*** Block opens ***

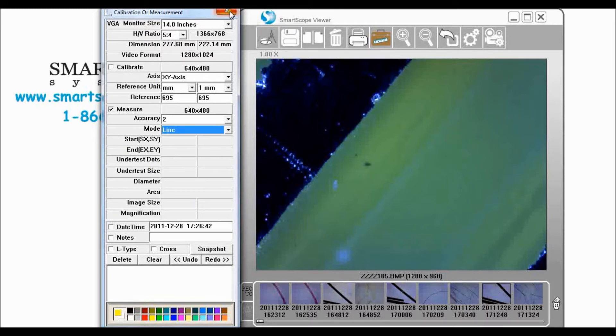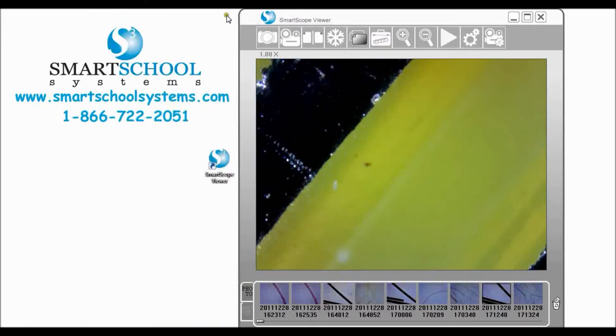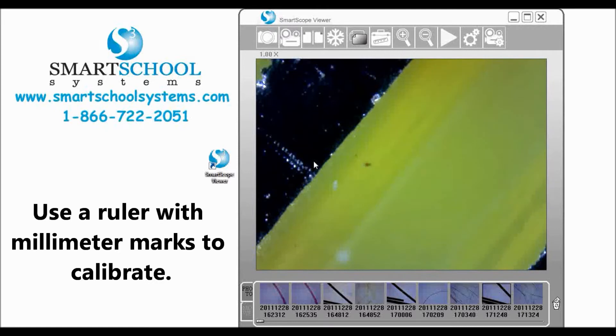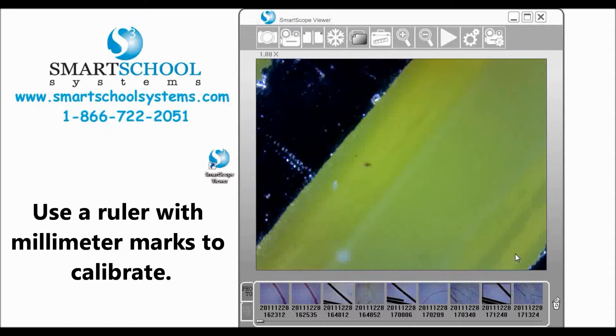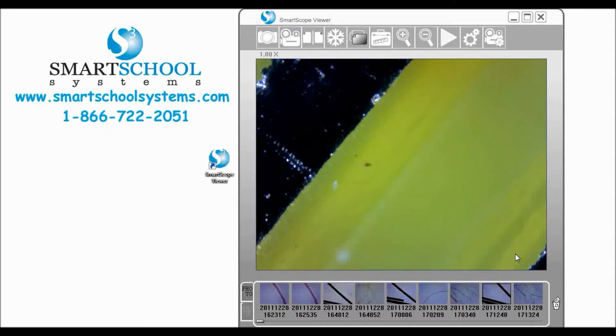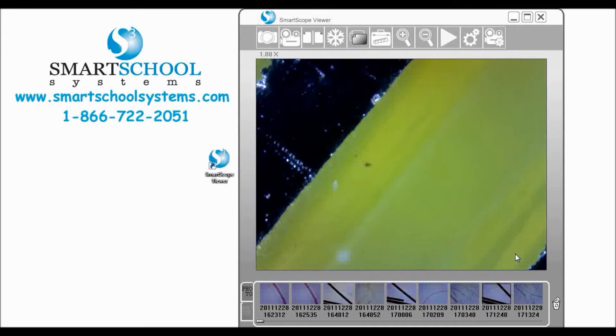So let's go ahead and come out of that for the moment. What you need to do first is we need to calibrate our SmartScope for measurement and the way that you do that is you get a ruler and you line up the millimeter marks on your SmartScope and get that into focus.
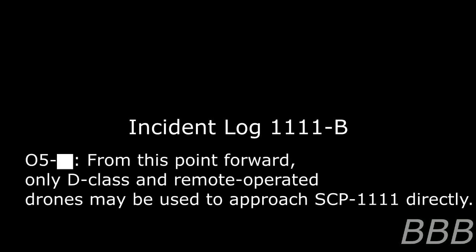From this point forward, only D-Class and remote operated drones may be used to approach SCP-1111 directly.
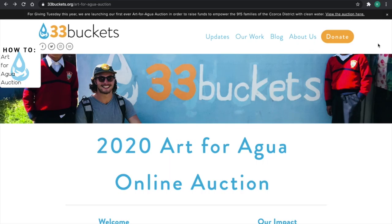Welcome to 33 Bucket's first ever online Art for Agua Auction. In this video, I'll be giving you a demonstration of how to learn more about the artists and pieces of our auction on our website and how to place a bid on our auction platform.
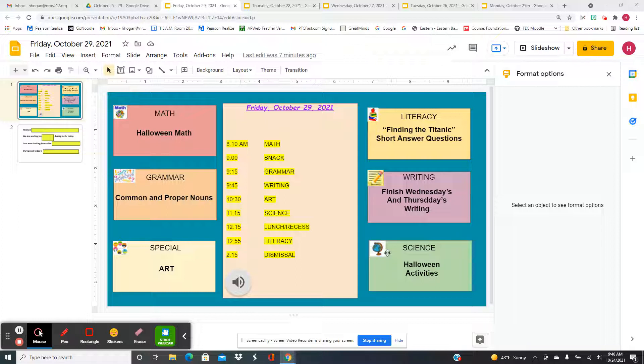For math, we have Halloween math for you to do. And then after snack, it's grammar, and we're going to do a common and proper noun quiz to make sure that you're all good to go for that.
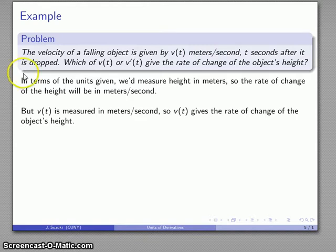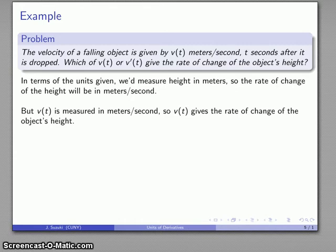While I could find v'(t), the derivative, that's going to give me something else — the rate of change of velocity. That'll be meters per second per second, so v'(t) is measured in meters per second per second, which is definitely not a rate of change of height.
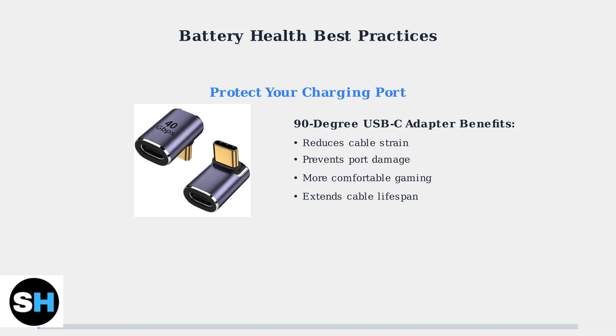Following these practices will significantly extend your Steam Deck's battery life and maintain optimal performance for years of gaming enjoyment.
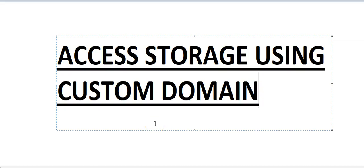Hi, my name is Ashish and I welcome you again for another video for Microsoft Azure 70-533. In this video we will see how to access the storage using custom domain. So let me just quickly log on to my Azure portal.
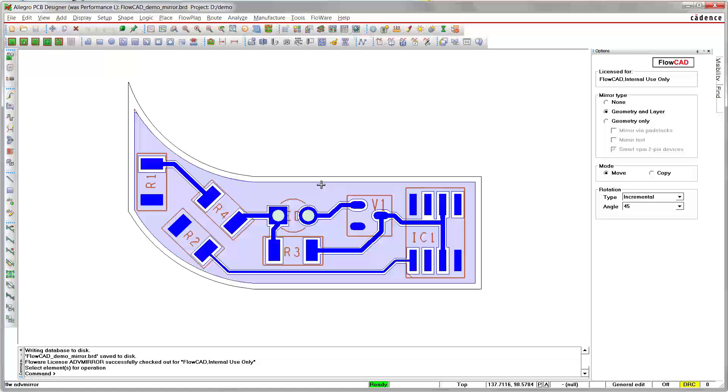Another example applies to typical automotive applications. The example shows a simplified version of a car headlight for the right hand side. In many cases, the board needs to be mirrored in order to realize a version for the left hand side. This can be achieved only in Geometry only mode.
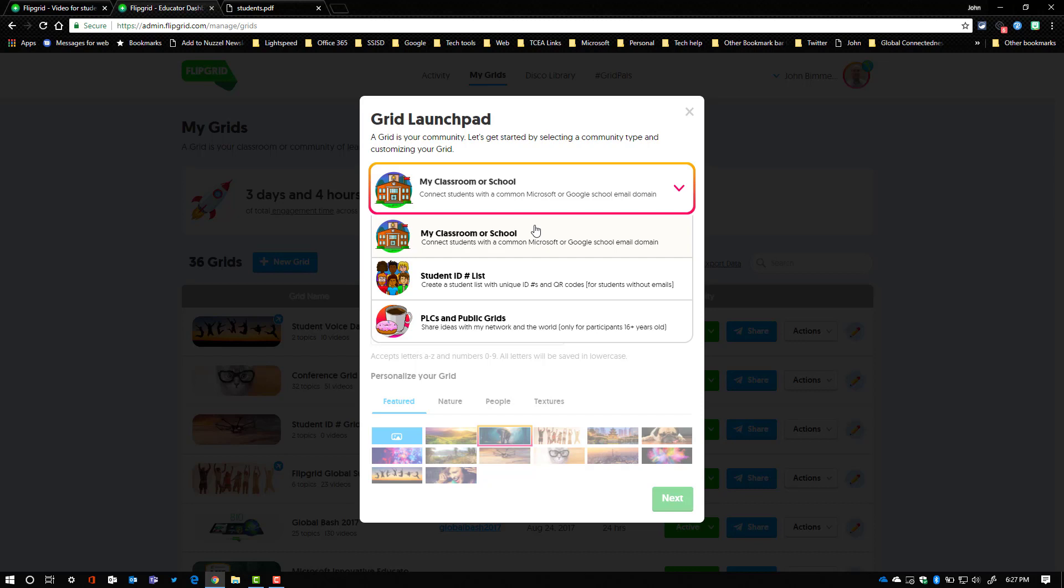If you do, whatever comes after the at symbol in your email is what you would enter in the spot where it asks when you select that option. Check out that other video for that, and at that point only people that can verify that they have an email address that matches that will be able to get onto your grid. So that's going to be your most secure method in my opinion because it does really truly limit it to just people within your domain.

*** Block closes ***
*** Block opens ***

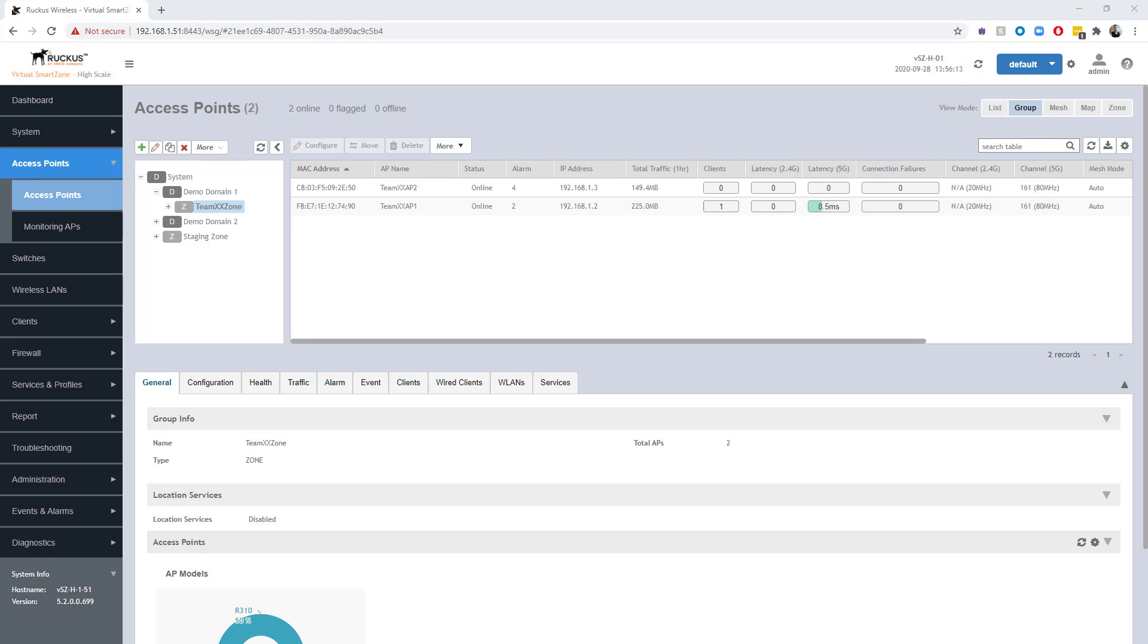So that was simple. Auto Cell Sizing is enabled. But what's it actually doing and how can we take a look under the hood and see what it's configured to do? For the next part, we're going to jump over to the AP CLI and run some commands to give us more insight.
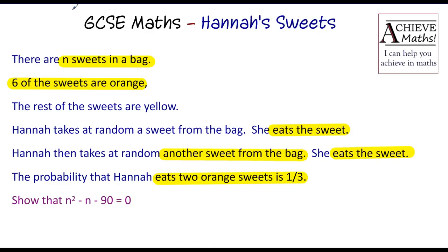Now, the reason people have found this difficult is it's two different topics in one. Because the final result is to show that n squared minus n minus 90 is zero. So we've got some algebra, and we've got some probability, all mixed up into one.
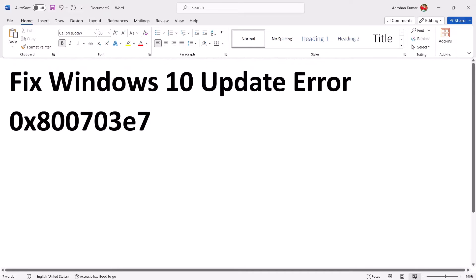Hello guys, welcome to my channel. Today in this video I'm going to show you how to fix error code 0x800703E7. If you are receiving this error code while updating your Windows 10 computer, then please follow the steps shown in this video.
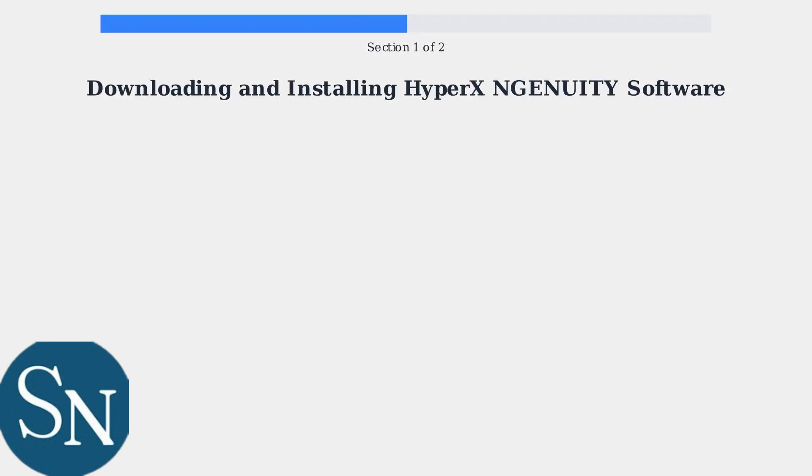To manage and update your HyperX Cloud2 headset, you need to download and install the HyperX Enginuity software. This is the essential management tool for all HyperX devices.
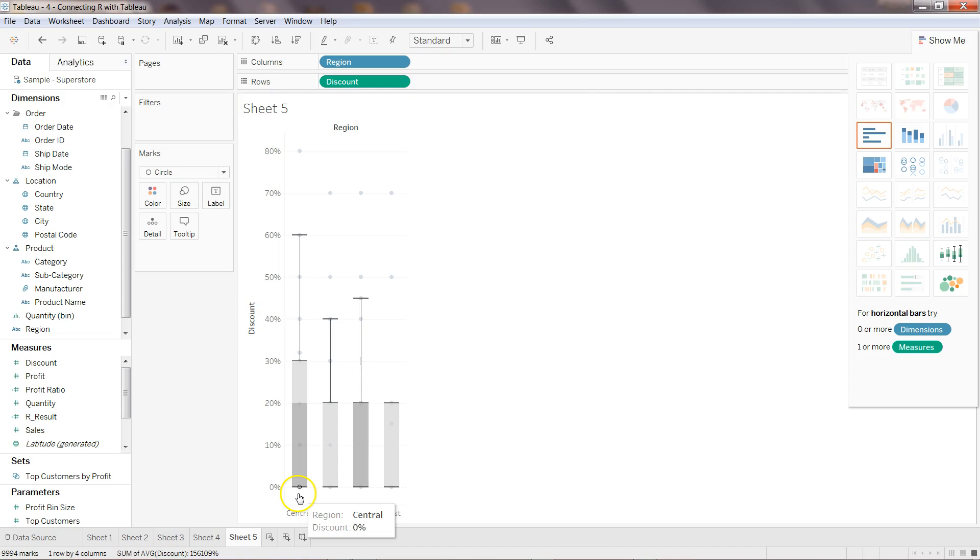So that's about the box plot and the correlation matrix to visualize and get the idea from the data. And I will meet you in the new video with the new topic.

*** Block closes ***

_Activity_
The answer should consist only of the lines above from the one with "For math, we" through the one with "Hi, my name", repeated exactly, with no pictures among them.

_Result below_
For math, we have Halloween math for you to do. And then after snack, it's grammar, and we're going to do a common and proper noun quiz to make sure that you're all good to go for that.
While I could find v'(t), the derivative, that's going to give me something else — the rate of change of velocity. That'll be meters per second per second, so v'(t) is measured in meters per second per second, which is definitely not a rate of change of height.
Following these practices will significantly extend your Steam Deck's battery life and maintain optimal performance for years of gaming enjoyment.
Hi, my name is Ashish and I welcome you again for another video for Microsoft Azure 70-533. In this video we will see how to access the storage using custom domain. So let me just quickly log on to my Azure portal.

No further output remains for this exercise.